36112,
07
March
2022
|
10:27 AM
America/Chicago

'Ninety-Nines' Pioneer Flew for CAP During Wartime

The_Ninety-Nines_Logo_2017In observation of Women of Aviation Week, Civil Air Patrol honors Cecil “Teddy” Kenyon, who flew for CAP during World War II after becoming one of the first members of “the Ninety-Nines.” Established in 1929 by 99 women pilots, members of the Ninety-Nines Inc., International Organization of Women Pilots, promote advancement of aviation through education and scholarships. 

CAP’s national artist, Maj. Ron Finger, has depicted one of the historic aircraft Kenyon flew during the early years of Civil Air Patrol. 
 

Cecil "Teddy" Kenyon

Cecil “Teddy” Kenyon (1905-1985) had already been a pilot more than a dozen years when she began flying for Civil Air Patrol in the early 1940s.

She was taught to fly by her husband, Ted Kenyon, a pilot for Colonial Airlines, in 1929. She received her pilot certificate after 10 hours of instruction and took to the air.

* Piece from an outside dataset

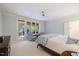 Bedroom with natural light, ceiling fan, and sunroom access with two chairs and a table at 3928 White Chapel Way, Raleigh, NC 27615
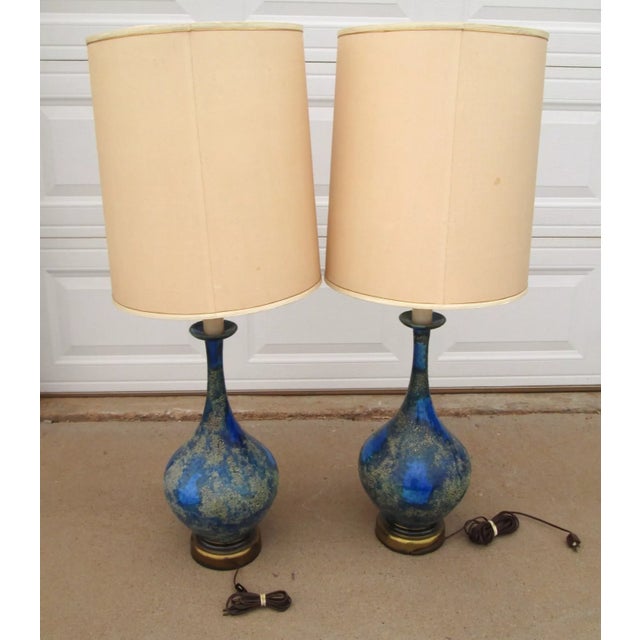 Vintage Helmut Bruchman Style Mid Century Modern Blue Glaze Ceramic Lamps. The lamps are a "genie bottle" shape and have a...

In 1933 she won the National Sportsman Flying Championship at Roosevelt Field, New York, besting a field of 28 men and 11 women. 

While flying for Civil Air Patrol during World War II, she joined fellow women aviators Barbara Kibbee Jayne and Elizabeth Hooker as production test pilots for Grumman Aircraft in Long Island, New York.

They test-flew new planes right off the assembly line, putting the aircraft through dives, slow rolls, and snap rolls. The pilots made notes on each aircraft's speed, balance, motor performance, and landing gear, submitting a "crab" list of things that weren't right.

Every plane received two or  three test flights from 15-20 minutes before delivery to the U.S. Navy. 

The women were testing the most advanced aircraft being produced: TBF Avenger torpedo bombers, F4F Wildcats, and F6F Hellcats, flying up to 400 mph. They worked 10-hour shifts for up to eight test flights each day.

Kenyon is estimated to have completed 4,000 takeoffs and landings by the end of the war, with the landing field at Grumman one of the busiest in the U.S. 

As was the case with many women on the home front, Kenyon’s work ended when the war did. She kept flying, however, receiving her helicopter certificate in 1960 and remaining an active pilot well into her 70s. 

The Luscombe 8-C, NC25285, was one of the models Kenyon flew as a CAP courier aircraft. The sporty “Silvaire” was introduced in 1941 with a 75-horsepower fuel-injected Continental engine.

 CAP’s World War II-era fleet included more than 100 Luscombe 8s.